Merge branch 'main' into main

indirect · web-flow · commit b08ef8c834e0 · 2025-03-27T15:35:41.000-07:00
diff --git a/Cargo.lock b/Cargo.lock
diff --git a/Cargo.toml b/Cargo.toml
@@ -10,7 +10,7 @@ default-run = "kirby"
 argparse = "0.2.2"
 aws_lambda_events = "0.16.0"
 enum-map = { version = "0.4.1", features = ["serde"] }
-flate2 = { version = "1.0", features = ["zlib"], default-features = false }
+flate2 = { version = "1.0", features = ["zlib-rs"], default-features = false }
 lambda_runtime = { version = "0.13.0", features = ["tracing"] }
 lazy_static = "1.1.0"
 log = "0.4.5"
diff --git a/README.md b/README.md
@@ -14,22 +14,29 @@ This is... very good. For comparison, a Python script that used AWS Glue to do s
 
 Then Rust got more optimized and Apple released the M1, and it got still faster.
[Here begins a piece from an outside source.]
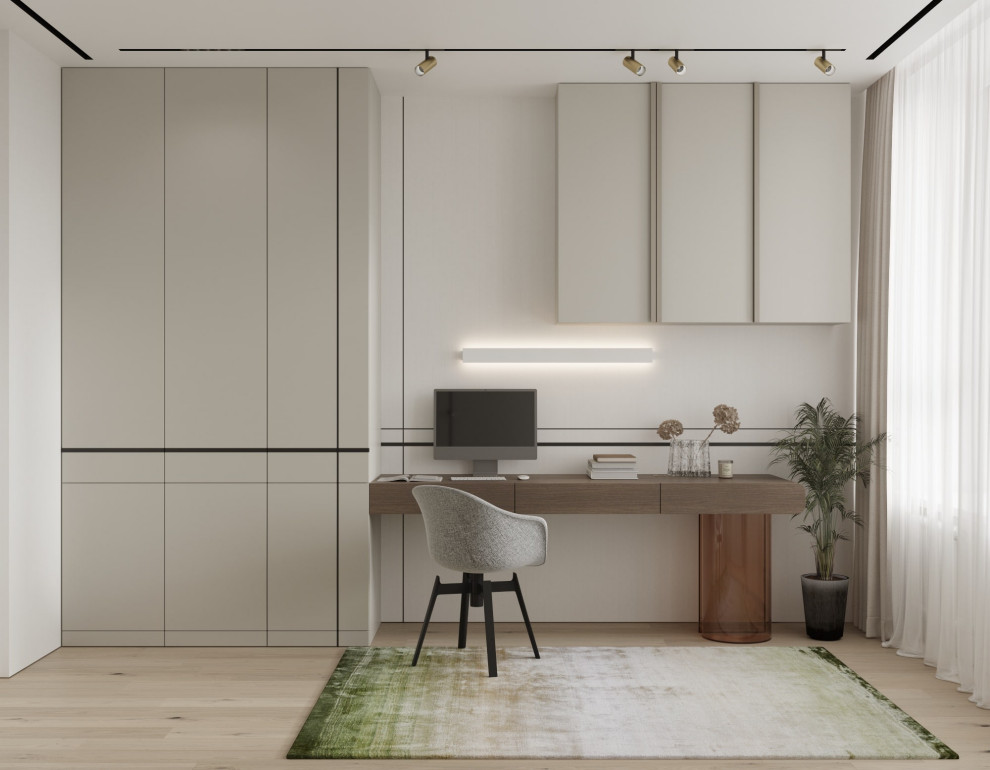 ЖК Сердце столицы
Finally, and I found the [profile-guided optimization](https://doc.rust-lang.org/rustc/profile-guided-optimization.html) docs, and it improved even more than I thought was still possible.
 
+Most recently, it also turned out there was [a highly contended mutex around the regular expressions](https://github.com/rubytogether/kirby/pull/37) and that bought the multi-core version something like 40-60% more speed.
+
 ### Wait, _how_ fast?
 
-        ~525 records/second/cpu in Python on Apache Spark in AWS Glue
-     ~14,000 records/second/cpu in Ruby on a 2018 Intel MacBook Pro
-    ~353,000 records/second/cpu in Rust on a 2018 Intel MacBook Pro
-    ~550,000 records/second/cpu in Rust on a 2021 M1 MacBook Pro
-    ~638,000 records/second/cpu in Rust on M1 with profile-guided optimization
+          ~525 records/second/cpu in Python on Apache Spark in AWS Glue
+       ~14,000 records/second/cpu in Ruby on a 2018 Intel MacBook Pro
+      ~353,000 records/second/cpu in Rust on a 2018 Intel MacBook Pro
+      ~550,000 records/second/cpu in Rust on a 2021 M1 MacBook Pro
+      ~638,000 records/second/cpu in Rust on a 2021 M1 with PGO
+      ~935,500 records/second/cpu in Rust on a 2025 M4 Max MacBook Pro
+      ~983,500 records/second/cpu in Rust on a 2025 M4 Max with PGO
+    ~1,240,000 records/second/cpu in Rust on a 2024 Ryzen 9 9950X with PGO
 
 ### Are you kidding me?
 
-No. The latest version (which I am now benchmarking without also running `cargo build` 🤦🏻‍♂️) can parse records really, really fast.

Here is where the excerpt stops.